Para a investigadora, ainda subsiste uma ideia "muito tradicional da mulher", as agressões psicológicas e sexuais "são muito desvalorizadas" e é muito usado o estereótipo de que o álcool "é a causa da violência doméstica".
A investigadora do CES afirmou ainda que as mulheres, quando são vítimas de violência doméstica e têm carências económicas, têm um advogado oficioso para cada processo no tribunal: queixa-crime, divórcio e responsabilidades parentais.
"Deveria ser atribuído um advogado para todos os processos", defendeu.
Outra situação preocupante, alerta, é a aplicação das medidas de proteção das mulheres quando apresentam a queixa-crime, considerando que o termo de identidade e residência "não é suficiente", devendo-se recorrer "mais à vigilância eletrónica" e "não ter medo de aplicar a medida de prisão preventiva, quando há risco".

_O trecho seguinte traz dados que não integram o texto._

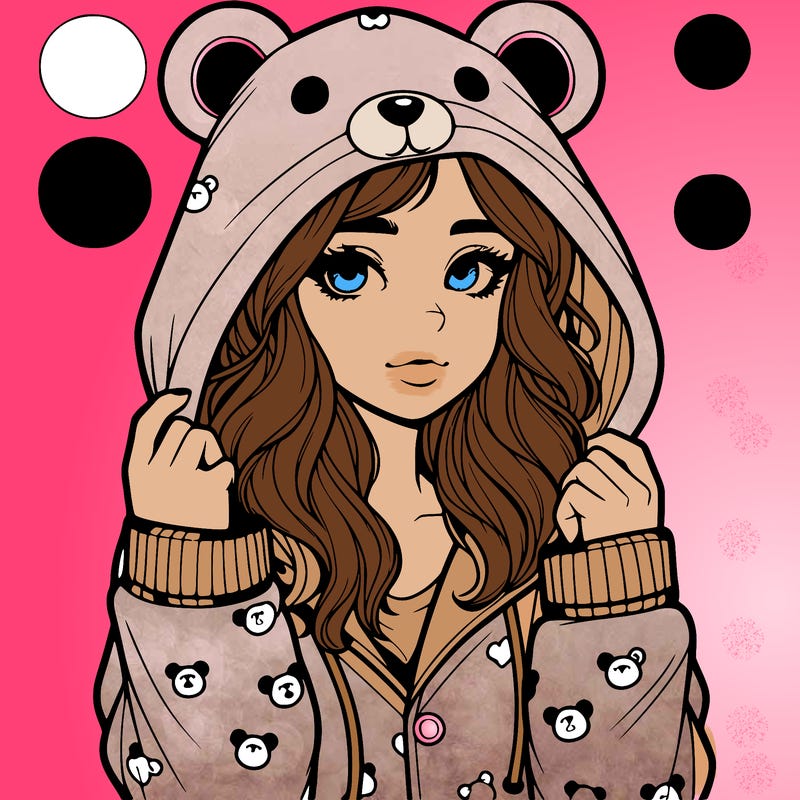 realistic girl in a animal pjs hoodie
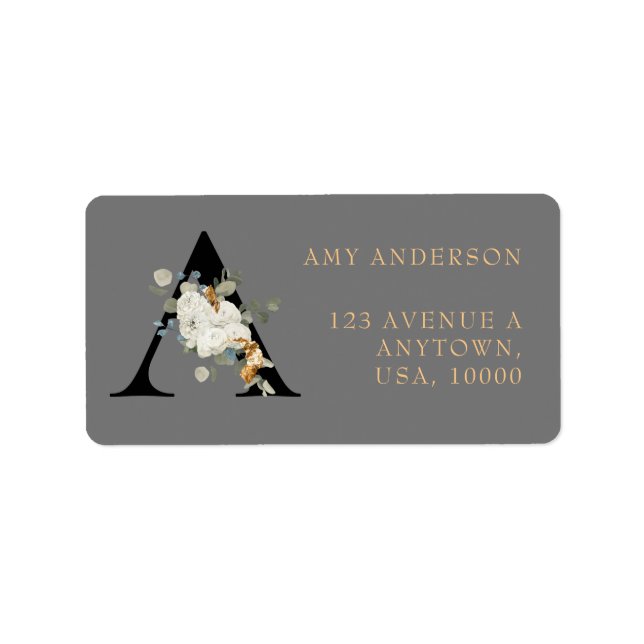 Monogram A Adressaufkleber (Vorne)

A tese de doutoramento de Madalena Duarte, intitulada "Para um Direito sem Margens: representações sobre o Direito e a violência contra as mulheres", envolveu mais de 200 entrevistas a procuradores e juízes de todo o país, entrevistas a vítimas de violência doméstica e organizações de apoio à vítima, inquérito a 100 futuros magistrados, análise da jurisprudência em torno de homicídios e levantamento de mais de 200 processos relacionados com violência doméstica de cinco comarcas.
O prémio APAV para a Investigação, que tem este ano a sua primeira edição, "é um incentivo" para continuar, contou, referindo que está de momento a fazer um pós-doutoramento sobre os homicídios nas relações de intimidade.
A cerimónia de atribuição da distinção realiza-se hoje à tarde, na sede da APAV, pelas 15:00.
O prémio contou com 43 candidaturas, sendo que são também entregues duas menções honrosas à investigadora da Universidade de Coimbra Neusa Patuleia e à investigadora da Universidade do Minho Cátia Fernandes foram também foi também atribuída uma menção honrosa.